Deux semaines après la présentation au festival de Cannes de son film “Baby Doll Night”, le magazine de l’OMPI s’est brièvement entretenu avec Adel Adeeb au sujet de la place de la propriété intellectuelle dans l’industrie cinématographique.
Quelle a été l’importance de votre connaissance de la propriété intellectuelle quand vous avec créé le Good News Group?
Il est essentiel de bien comprendre la propriété intellectuelle quand on lance une entreprise, surtout si c’est une maison de production de films. Le piratage et les autres atteintes aux droits peuvent nuire gravement à la réputation d’un film et de la compagnie qui le produit, ainsi qu’aux recettes générées par son exploitation. Quelques semaines après la sortie de L’Immeuble Yacoubian, par exemple, nous avons été submergés de liens vers des sites qui prétendaient avoir le film. Grâce à notre service informatique, qui a fait un excellent travail, ils ont tous été fermés. Il y a eu un autre incident avec des vendeurs à la sauvette qui proposaient des copies pirates du film sur DVD dans les rues des quartiers populeux du Caire, comme Ramsis et Isaaf. Ils ont été dénoncés aux autorités qui ont mis fin à leurs activités. Mais il n’y a pas de moyen infaillible de se protéger contre ce type de vol, parce que la technologie évolue si vite qu’on ne peut pas tout arrêter. Nous faisons de notre mieux.

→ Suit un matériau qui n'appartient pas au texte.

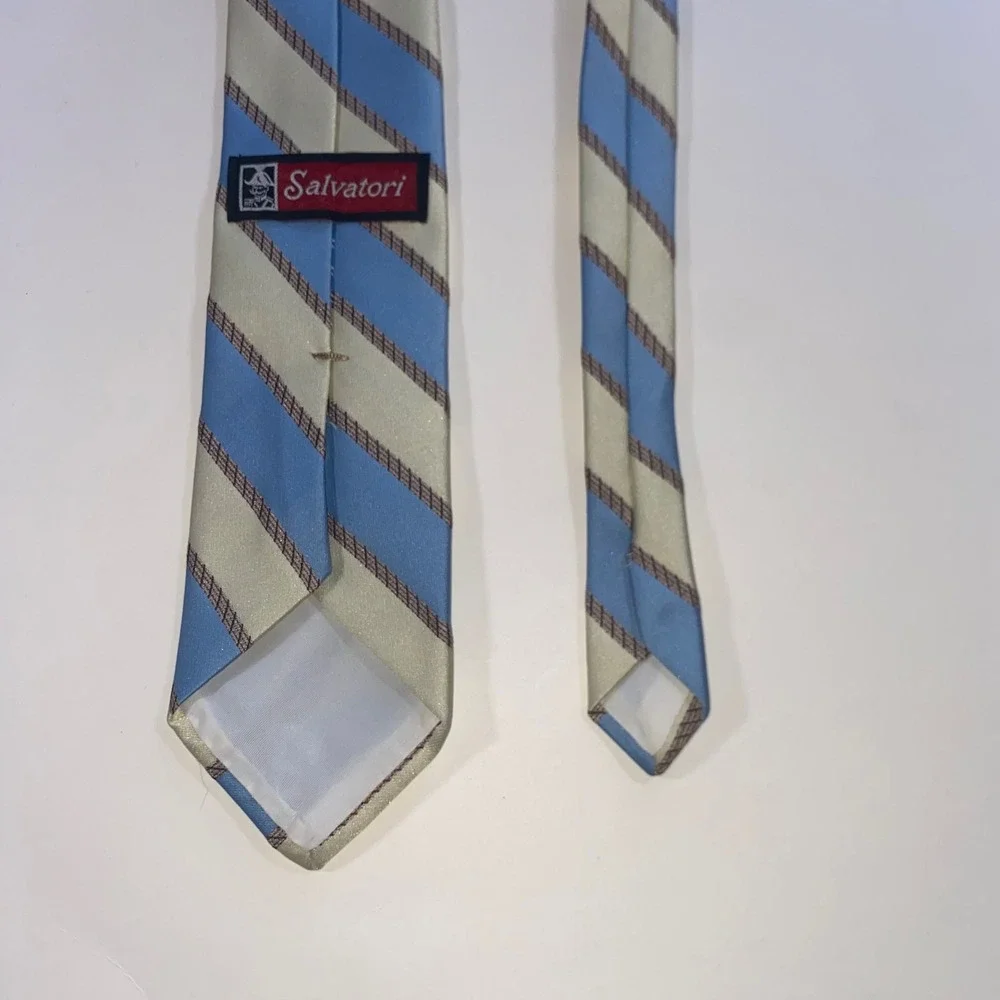 Salvatori Mens Blue and Champagne Gold Diagonal Striped‎ Classic Necktie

Quels sont les droits de propriété intellectuelle qui ont le plus d’importance pour les revenus d’exploitation de vos films?
Les droits vidéo. Les films sortent d’abord au cinéma, et six mois plus tard, ils sortent en format vidéo, sur DVD, etc.

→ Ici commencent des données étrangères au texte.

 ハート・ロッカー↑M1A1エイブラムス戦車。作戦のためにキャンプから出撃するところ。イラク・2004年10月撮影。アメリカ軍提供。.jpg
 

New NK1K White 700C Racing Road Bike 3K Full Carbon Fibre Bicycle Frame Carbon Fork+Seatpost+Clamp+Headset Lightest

Normalement, cela rapporte beaucoup d’argent, mais le piratage en ligne pose un grave problème, car il peut nous en faire perdre la moitié. Alors qu’à l’étranger, le marché du DVD peut générer encore plus de revenus que l’exploitation en salles, il est pratiquement inexistant en Égypte. Les DVD coûtent cher, et en plus, on peut avoir le film gratuitement en ligne! Très peu de gens vont accepter de payer plus de 100 livres égyptiennes (environ 20 dollars É.‑U.) alors qu’une version téléchargée peut les contenter, même si elle n’est pas de très bonne qualité.
Ensuite, après six mois de DVD, le film commence à passer à la télévision, ce qui devrait aussi être très payant... mais là encore, le piratage s’en mêle et fait baisser les revenus. C’est pourquoi les droits de télévision sont maintenant vendus tout de suite, pendant que le film est en production, en même temps que tous les autres droits. Nous pouvons ainsi nous garantir un revenu minimum avant même la sortie en salles.
Comment voyez‑vous l’avenir de l’industrie du film arabe? Y a‑t‑il de la place pour de nouveaux joueurs?
Je pense qu’il a un très bel avenir. On assiste à l’arrivée de toute une nouvelle génération de jeunes cinéastes dont les talents sont reconnus aussi bien dans leur pays qu’à l’étranger. À mon avis, et bien qu’il ait toujours ses problèmes habituels (mauvaise qualité, mauvais goût), le marché du cinéma apprend petit à petit. La valeur des productions s’améliore lentement mais sûrement, et surtout, les films deviennent de plus en plus intéressants par leur contenu, plus en phase avec le monde d’aujourd’hui. Le Good News Group s’intéresse beaucoup à découvrir et à financer des talents nouveaux, capables d’apporter à ce marché une saveur différente, une touche inédite. Le jeune Marwan Hamed, le réalisateur de L’Immeuble Yacoubian (son premier film) est un exemple évident. Il y a aussi Rami Abdel Jabbar, qui assurera bientôt la mise en scène d’un long métrage intitulé La maison de chair (Biet Min Lahm).
Quel conseil donneriez‑vous à un aspirant cinéaste, en Égypte?
Faire preuve de professionnalisme. Comprendre que le monde est plein de gens qui voudraient en savoir plus sur ce que nous sommes, et que nos films doivent montrer le bon comme le mauvais. Privilégier la qualité des scénarios et des acteurs.